可是,西人东来,不仅冲破了中间商的盘剥与垄断,也冲击着中国政府特别是明朝政府在丝路所经南海地区的朝贡体系。明朝开始直接面对西方,中国内地商品通过澳门大量进入西方市场。有数据表明,万历八年至十八年(1580-1590),自澳门运往果阿的生丝每年三千多担,值银二十四万两,崇祯八年(1635)达到六千担,值银四十八万两。经由马尼拉运至美洲的中国商品则成为太平洋大帆船贸易中的主要货物来源。世界市场对中国商品的大量需求无疑为中国沿海商品经济的发展开辟了广阔前景。清朝在康熙朝巩固了对于沿海和台湾地区的统治后,基本上把海上贸易集中在广州一地的十三行。中国主要外销商品,有瓷器、茶叶、布匹等。
中国在对外贸易中始终处于出超地位,积累了大量白银。明清时代,中国的货币改由白银计量,这是重大原因。这就存在一个巨大风险,明清时期国内金融政策是取决于国际贸易中白银的进口盈缩。东南地区甚至因为生产能够赚取“外汇”(白银)的经济作物,而出现了粮食短缺,需要从北方或者外国进口的情况。
可是,随着墨西哥地区白银开采量的减少,为了平衡中外贸易,欧洲——主要是英国人——开始向中国销售毒品鸦片,这些鸦片多数是英国在南亚或者东南亚殖民地生产的,运销中国十分方便,从而使中西贸易变成了毒品换取商品的畸形结构,乃至导致激烈的政治和军事冲突。历史于是来到了另外一个十字路口。
历史上中国政府之所以一次次拒绝欧洲国家的主动贸易行为,诸如订条约、设使馆、开商埠,就是因为历史上中国的陆上或者海上的丝路贸易,都是中国与周边国家政治关系的一部分,政治上的互信与经济上的往来密不可分。
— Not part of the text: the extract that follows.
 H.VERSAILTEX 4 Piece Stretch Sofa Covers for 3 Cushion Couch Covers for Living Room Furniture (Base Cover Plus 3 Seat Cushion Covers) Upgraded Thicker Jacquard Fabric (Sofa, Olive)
可是,这一次,十八、十九世纪的中国,面对的不再是传统意义上的朝贡体系,欧洲人也没有任何奇珍异宝,可以平衡中国在丝绸、瓷器、茶叶等对外贸易的巨额出超。于是,大量白银涌入中国,冲击着中国的金融秩序,朝廷财政严重依赖白银进口,中国东南地区的产业分工甚至也依赖上了对外贸易。这是汉唐时期所不曾有过的。于是,当欧洲人为了平衡贸易逆差,向中国销售毒品鸦片时,经济贸易演变成政治和军事冲突,已经势不可免。汉唐以来丝绸之路上中国与西方的经济与贸易关系的起伏变化,也是我们观察“一带一路”沿途国家和地区政治实力兴衰消长的晴雨表。
历史上“一带一路”上的中西关系,可以划分为两个不同的发展时期
截至十九世纪中叶,“一带一路”上的中西关系,可以划分为两个不同的发展时期。前一个时期,从远古时代到郑和下西洋结束的十五世纪前期,可以称为古典时期。又可以分为两个不同的阶段,汉唐盛世,陆上丝绸之路为主体;宋元时代海上香瓷之路则有了更重要的地位。汉唐时期,西域的交流最活跃;宋元时代,南海的贸易最繁盛。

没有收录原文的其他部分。